C’è chi ha detto che il discorso tenuto dal Papa ai vescovi degli Stati Uniti ricorda per stile, toni e contenuti quello che fece ai presuli italiani, quando da poco era stato eletto al pontificato. Francesco, nella cattedrale di San Matteo a Washington, ha indicato la strada del cambiamento. Non più una Chiesa arroccata a difesa dei valori cosiddetti non negoziabili (espressione, questa, che a Bergoglio non è mai piaciuta), bensì una Chiesa in uscita e perennemente dialogante: “Il dialogo è il nostro metodo, non per astuta strategia”. “La via è pertanto il dialogo tra di voi, dialogo nei vostri presbiteri, dialogo con i laici, dialogo con le famiglie, dialogo con la società. Non mi stancherei di incoraggiarvi a dialogare senza paura”.

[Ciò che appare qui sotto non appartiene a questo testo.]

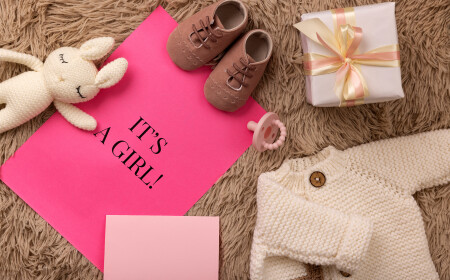 Що подарувати новонародженій дівчинці: корисні та актуальні ідеї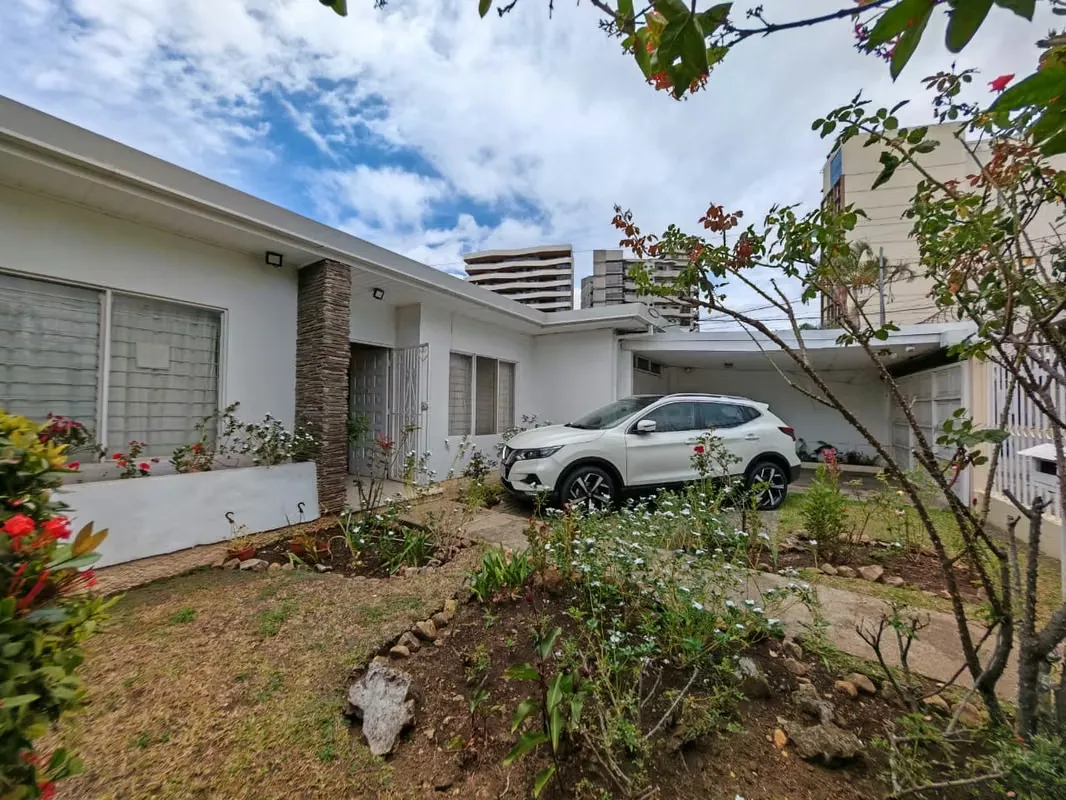 Venta de casa en Nunciatura, San José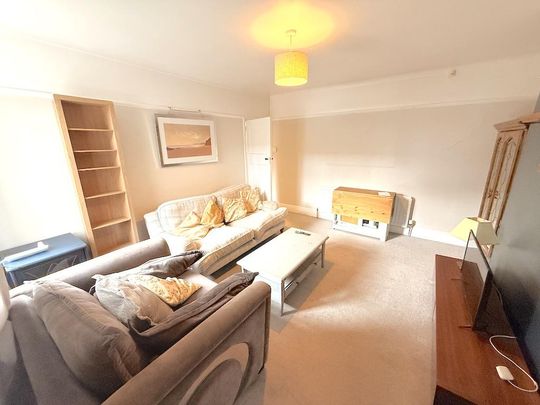 3 bedroom flat to rent - Photo 1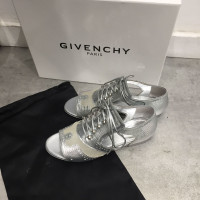 Givenchy Sandali in Pelle in Argenteo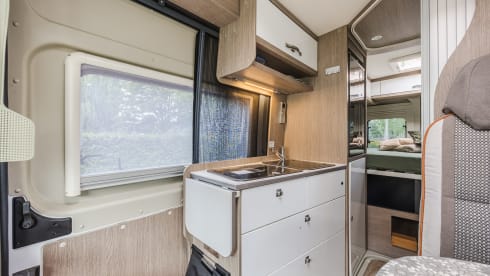 Joy – Beautiful 3p Pössl bus camper from 2020
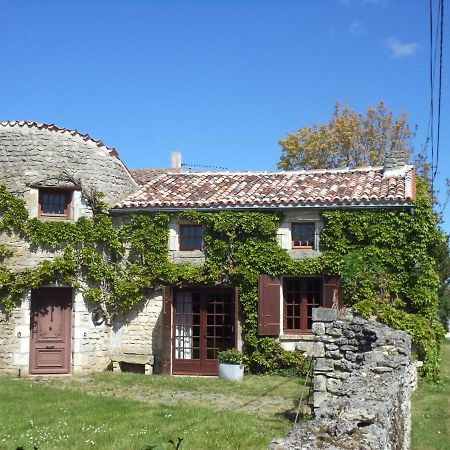 Traditional Charentais cottage near Royan Balanzac Extérieur photo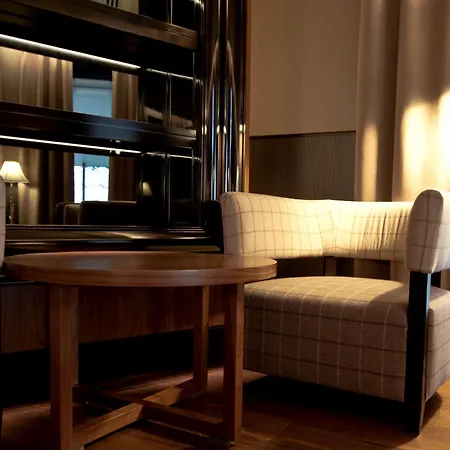 Hilton London Heathrow Airport Terminal 5 4*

I MERITI DELLA CHIESA AMERICANA (BERGOGLIO DIXIT)

Il Papa ha riconosciuto l’impegno della Chiesa americana nei più svariati ambiti (educazione e carità comprese), ma ha anche avuto da ridire su quanti riducono il ruolo del vescovo a un fac simile di quello d’un manager aziendale: “Senz’altro è utile al vescovo possedere la lungimiranza del leader e la scaltrezza dell’amministratore, ma decadiamo inesorabilmente quando scambiamo la potenza della forza con la forza dell’impotenza. Al vescovo è necessaria la lucida percezione della battaglia tra la luce e le tenebre che si combatte in questo mondo. Guai a noi – ed è qui che Francesco ha alzato la voce – se facciamo della croce un vessillo di lotte mondane”.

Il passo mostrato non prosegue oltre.